Available data: Begin
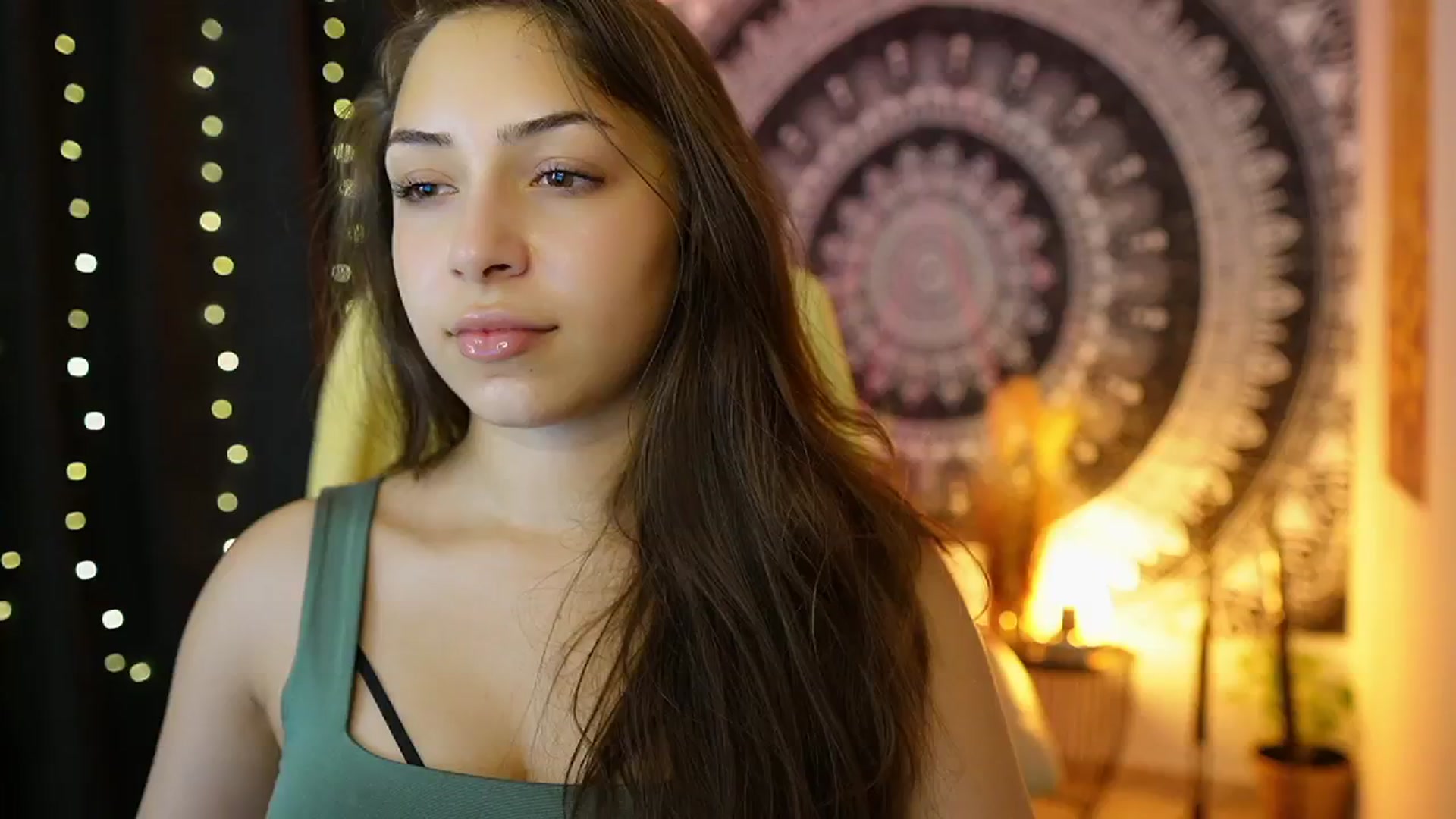 Gallery image thumbnail from Briar__Rose's myfreecams stream on, 07/23/2024, 14:35 image 18 of 20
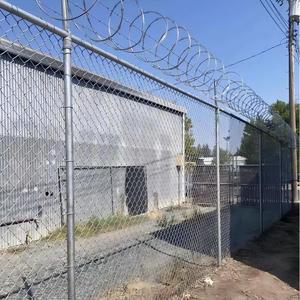 Rollo de malla de alambre de maquinilla de afeitar de seguridad comunitaria galvanizado en baño caliente Alambre de maquinilla de afeitar DE SEGURIDAD DE prisión antiescalada - Product Image 6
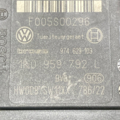 Двигун склопідіймача двері передньої, правої Volkswagen Passat B6 1K0959792L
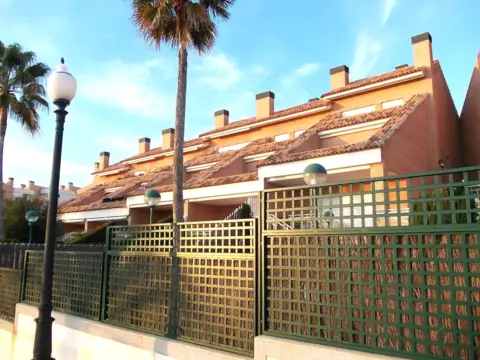 Chalet adosado en calle del Océano, 30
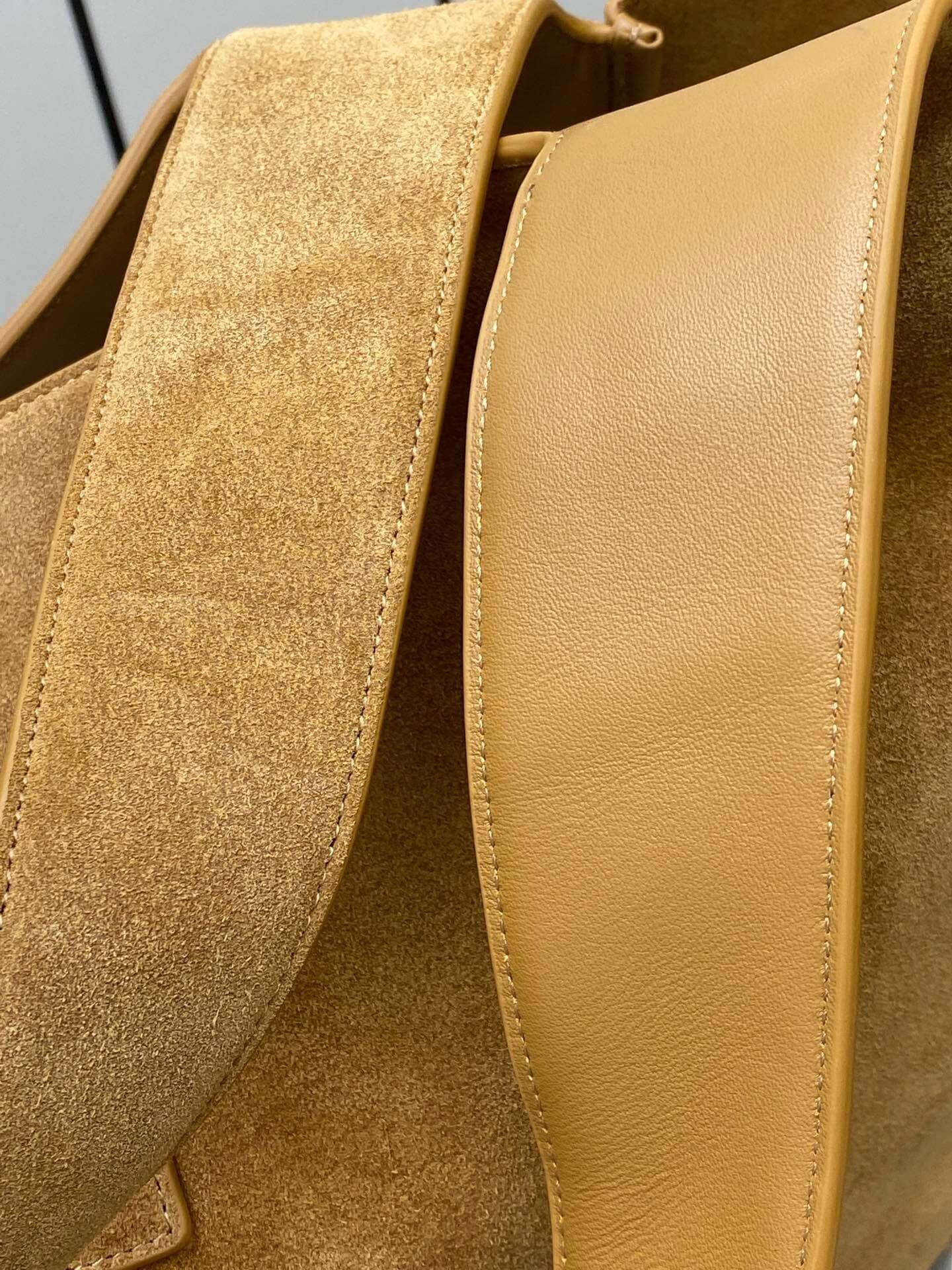 Saint Laurent Bea Tote in Tan Suede with Gold-Tone YSL Hardware in Tan - Image 5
Available data: End
Using the data above, print only the lines starting at the one with "Rollo de malla" and ending at the one with "Двигун склопідіймача двері", exactly as they stand, minus the pictures.

 Rollo de malla de alambre de maquinilla de afeitar de seguridad comunitaria galvanizado en baño caliente Alambre de maquinilla de afeitar DE SEGURIDAD DE prisión antiescalada - Product Image 6
 Двигун склопідіймача двері передньої, правої Volkswagen Passat B6 1K0959792L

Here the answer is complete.